##### INFORMATION SUPPLIED #####

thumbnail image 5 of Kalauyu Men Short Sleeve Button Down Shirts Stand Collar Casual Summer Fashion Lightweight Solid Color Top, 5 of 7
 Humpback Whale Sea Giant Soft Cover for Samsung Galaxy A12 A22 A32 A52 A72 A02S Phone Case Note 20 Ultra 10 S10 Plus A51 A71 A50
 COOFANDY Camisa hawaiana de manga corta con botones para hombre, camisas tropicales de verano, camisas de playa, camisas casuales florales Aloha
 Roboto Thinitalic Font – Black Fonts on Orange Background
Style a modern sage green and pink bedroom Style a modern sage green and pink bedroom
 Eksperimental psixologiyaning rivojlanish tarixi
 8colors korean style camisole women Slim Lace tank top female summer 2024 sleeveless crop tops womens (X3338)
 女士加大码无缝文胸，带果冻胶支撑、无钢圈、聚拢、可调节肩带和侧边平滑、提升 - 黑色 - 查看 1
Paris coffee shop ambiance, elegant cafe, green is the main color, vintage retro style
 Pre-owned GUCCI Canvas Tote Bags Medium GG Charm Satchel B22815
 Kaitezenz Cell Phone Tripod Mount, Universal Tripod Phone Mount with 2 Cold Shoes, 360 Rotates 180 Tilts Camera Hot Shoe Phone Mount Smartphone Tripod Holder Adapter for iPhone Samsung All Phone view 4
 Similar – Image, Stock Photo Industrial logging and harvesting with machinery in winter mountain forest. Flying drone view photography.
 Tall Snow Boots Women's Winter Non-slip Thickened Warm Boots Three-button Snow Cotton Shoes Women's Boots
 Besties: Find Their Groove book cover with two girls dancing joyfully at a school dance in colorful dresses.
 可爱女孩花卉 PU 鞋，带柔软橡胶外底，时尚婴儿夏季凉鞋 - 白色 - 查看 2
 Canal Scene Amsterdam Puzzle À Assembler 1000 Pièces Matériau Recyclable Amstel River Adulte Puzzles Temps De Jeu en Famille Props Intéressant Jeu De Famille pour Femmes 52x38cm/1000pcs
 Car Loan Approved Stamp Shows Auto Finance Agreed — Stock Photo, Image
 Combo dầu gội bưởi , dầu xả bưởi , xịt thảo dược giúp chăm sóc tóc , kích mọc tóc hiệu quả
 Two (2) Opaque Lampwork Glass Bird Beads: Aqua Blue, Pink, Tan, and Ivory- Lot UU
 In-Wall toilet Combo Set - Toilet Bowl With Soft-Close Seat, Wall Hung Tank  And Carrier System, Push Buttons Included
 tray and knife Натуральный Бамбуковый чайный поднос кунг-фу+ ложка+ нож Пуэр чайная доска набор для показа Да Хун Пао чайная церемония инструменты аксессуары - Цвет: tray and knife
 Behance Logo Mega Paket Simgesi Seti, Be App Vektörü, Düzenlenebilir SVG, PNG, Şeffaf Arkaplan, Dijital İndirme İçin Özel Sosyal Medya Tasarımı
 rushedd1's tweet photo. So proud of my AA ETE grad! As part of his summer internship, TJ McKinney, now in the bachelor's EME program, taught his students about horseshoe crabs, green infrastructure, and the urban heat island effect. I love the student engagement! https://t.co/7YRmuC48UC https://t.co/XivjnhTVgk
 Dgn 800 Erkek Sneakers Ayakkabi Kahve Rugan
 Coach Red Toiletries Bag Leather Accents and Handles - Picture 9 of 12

#####

> WHAT YOU HAVE TO DO
Everything from the first line of the records above through the line containing "8colors korean style" should be restated word for word; leave out all other lines.

> YOUR SOLUTION
thumbnail image 5 of Kalauyu Men Short Sleeve Button Down Shirts Stand Collar Casual Summer Fashion Lightweight Solid Color Top, 5 of 7
 Humpback Whale Sea Giant Soft Cover for Samsung Galaxy A12 A22 A32 A52 A72 A02S Phone Case Note 20 Ultra 10 S10 Plus A51 A71 A50
 COOFANDY Camisa hawaiana de manga corta con botones para hombre, camisas tropicales de verano, camisas de playa, camisas casuales florales Aloha
 Roboto Thinitalic Font – Black Fonts on Orange Background
Style a modern sage green and pink bedroom Style a modern sage green and pink bedroom
 Eksperimental psixologiyaning rivojlanish tarixi
 8colors korean style camisole women Slim Lace tank top female summer 2024 sleeveless crop tops womens (X3338)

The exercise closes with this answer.